Monday, 20 July 2015


In Saturday's Times there was such an interesting article written by Matthew Parriss about foregiveness.   It was in the light of the recent trial of one of the last remaining Nazi guards from Auswitchz (sorry about the spelling) and his subsequent imprisonment.

Some of his victims said they would never forgive him and others said they had already done so -this raises such an important issue and one which I feel is such a very personal one that it is hard to come to a decision which side to come down on.

One lady who had lost thirty of her close relatives there spoke so movingly about forgiveness and the necessity to forget the past - others said they never could forgive or forget.

My previous husband had been on the so-called 'Death Railway' across Thailand as a prisoner-of-war of the Japanese.   He had been taken prisoner as a boy soldier shortly after his seventeenth birthday.   He rarely spoke of  his ordeal and managed to live a happy, relatively healthy life until the age of sixty six.   But he never found the  will to forgive.   He could not forgive his captors for their cruelty and their lack of humanity.
 Yet his friend,an ordained minister, who later on became Chaplain to the Queen, who was a prisoner with him and I have to say a very great support to him - I would almost go so far as to say that without his support and friendship my husband would probably not have survived the many attacks of malaria (both kinds), pellagra, dysentry, beri-beri and many more - forgave to the extent of having a Japanese curate in his parish after the war ended.

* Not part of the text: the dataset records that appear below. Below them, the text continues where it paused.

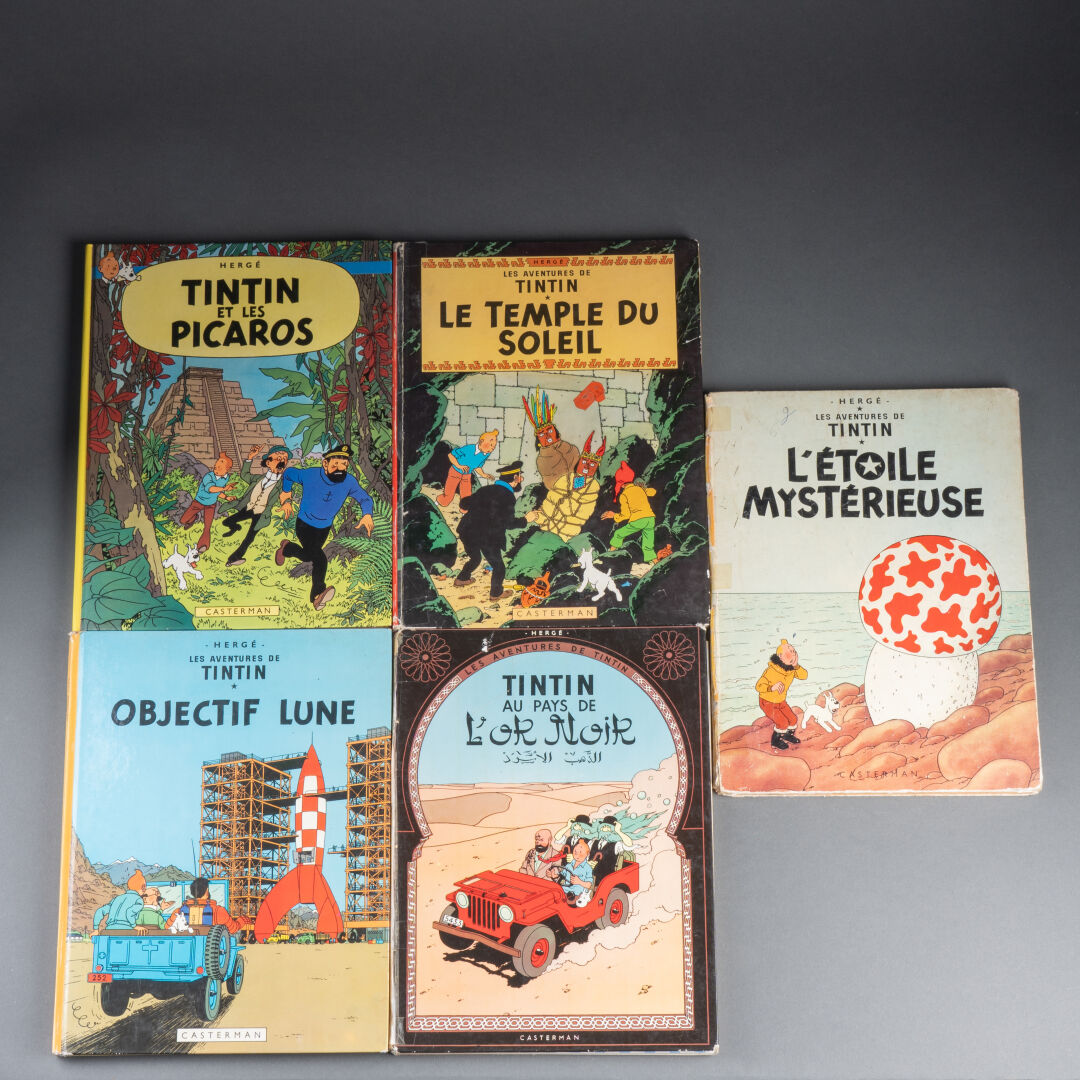 [LES AVENTURES DE TINTIN]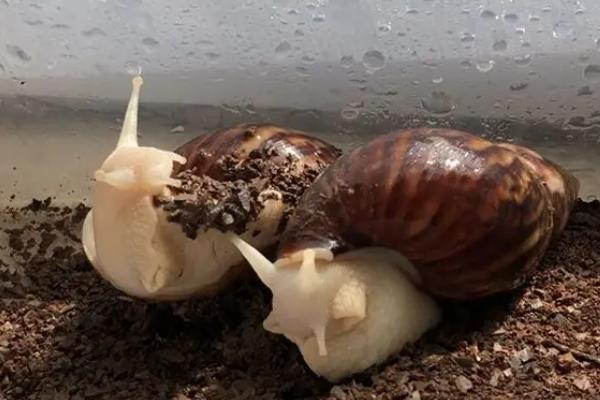 能否用湿纸巾代替养蜗牛的土壤,土壤含有微生物和矿物质、纸巾无法代替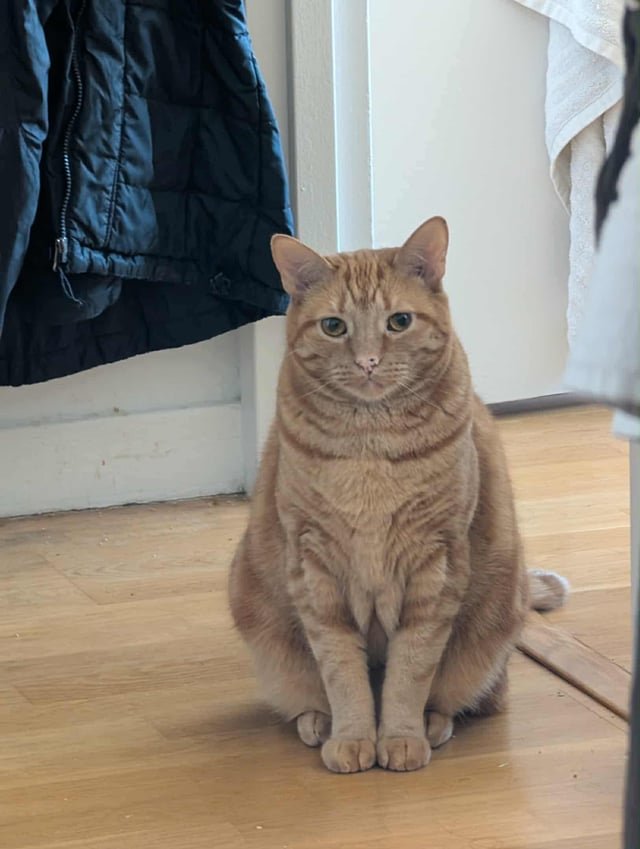 Lost Cat in New York, New York — listing photo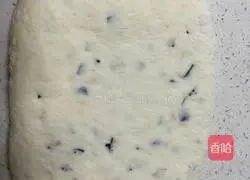 Steamed Candied Thousand Layers Illustration of how to make cakes 14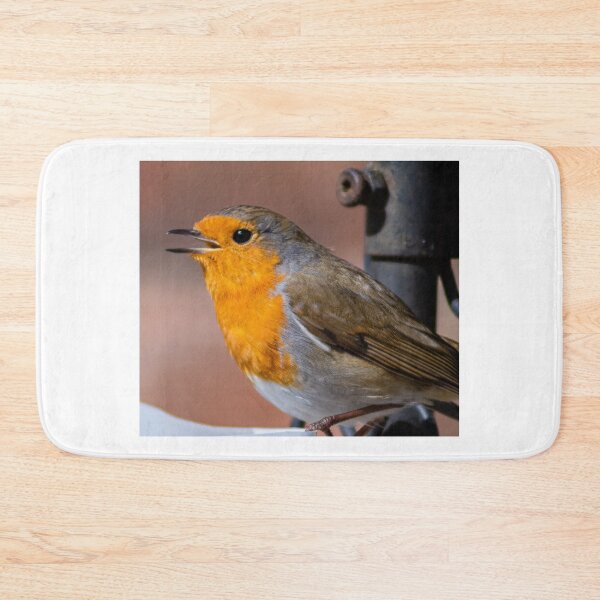 Item preview, robin redbreast closeup beautiful nature wildlife designed and sold by kwn1804.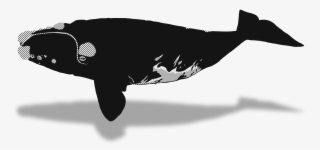 Beluga Whale Clipart Endless Ocean - Ballena Franca Austral Dibujo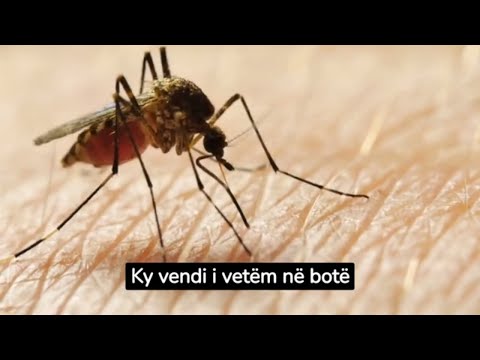 Ky vendi i vetëm në botë pa mushkonja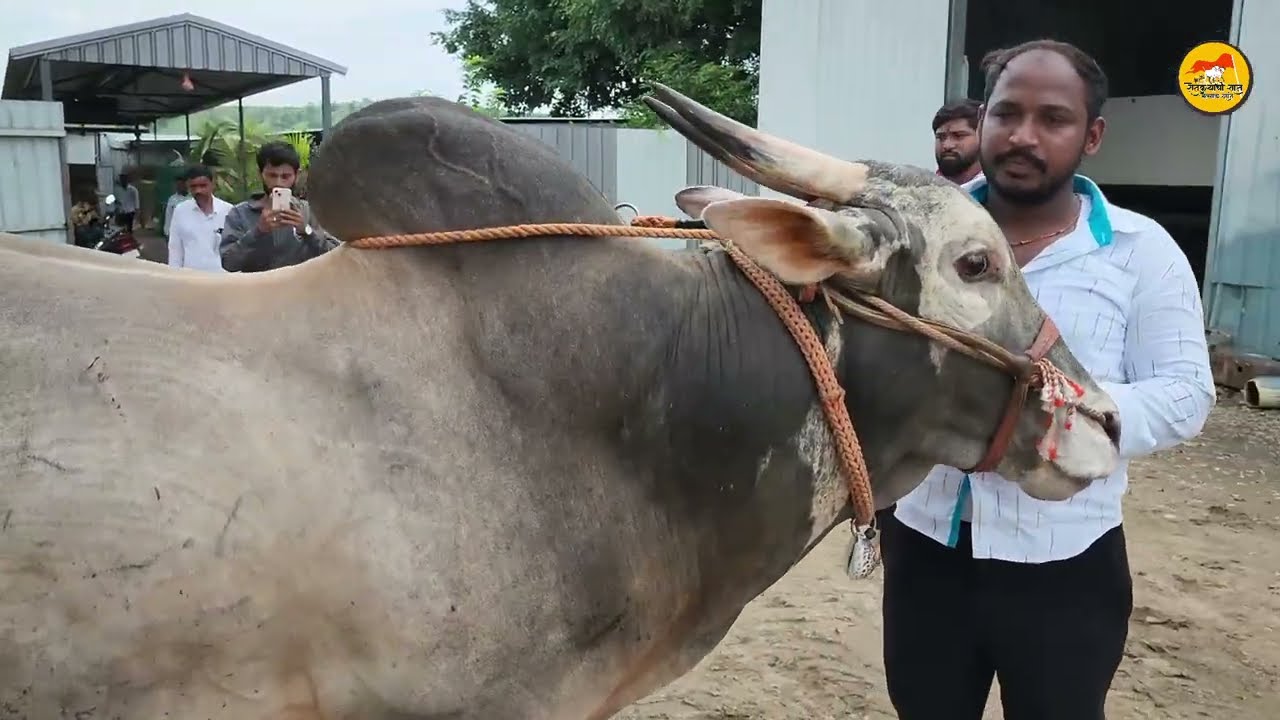 गणेशनाना आरगडे बैलगाडा संघटना काळूस, पुणे | Maharashtra bailgada sharyat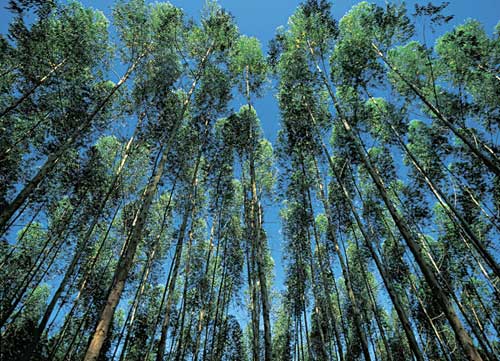 DNU_eucalyptus_plantation_source_continuingeducation_17072014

So I think we can conclude from that that any kind of forgiveness is a very personal thing - some people find it much easier than others.
And I don't think this just applies to major issues like the ones above; I think it probably applies all down the line.


Mary said...

I've always tried to be forgiving, especially to friends/acquaintances, but to family members who have caused me terrible sadness and stress, I cannot really forgive. This is directed to some close relatives who treated my dear mother badly, and to my only son. He no longer has anything to do with his dad, me, our entire family because he married a sociopathic, cruel, conniving woman (5 yrs. ago) who has brainwashed him! I don't usually knock anyone when blogging or commenting but feel so strongly, and so hurt for us all now that such a once so dear and caring person is no longer in our lives - and sadly doesn't have the gumption to stand up to that wicked woman.
OK enough - I'm off my soapbox now and feel better having shared my unforgiving side!
Mary -

Heather said...

I am amazed at some people's capacity to forgive the most awful things. I like to think I am compassionate but am not sure I could forgive those horrendous war crimes.

Joanne Noragon said...

You absolutely are correct; forgiveness is personal, like every choice we make in life. I find it easy to forgive much, but do not forgive my daughter and her husband for having children they did not intend to take care of, wounding them deeply, mentally, and never owning up to the harm they have done. This abuse is unconscionable. It is harder for a child to come to terms with being abandoned when the parent will not admit fault, but strives mightily to remain the parent of "my lovely children!"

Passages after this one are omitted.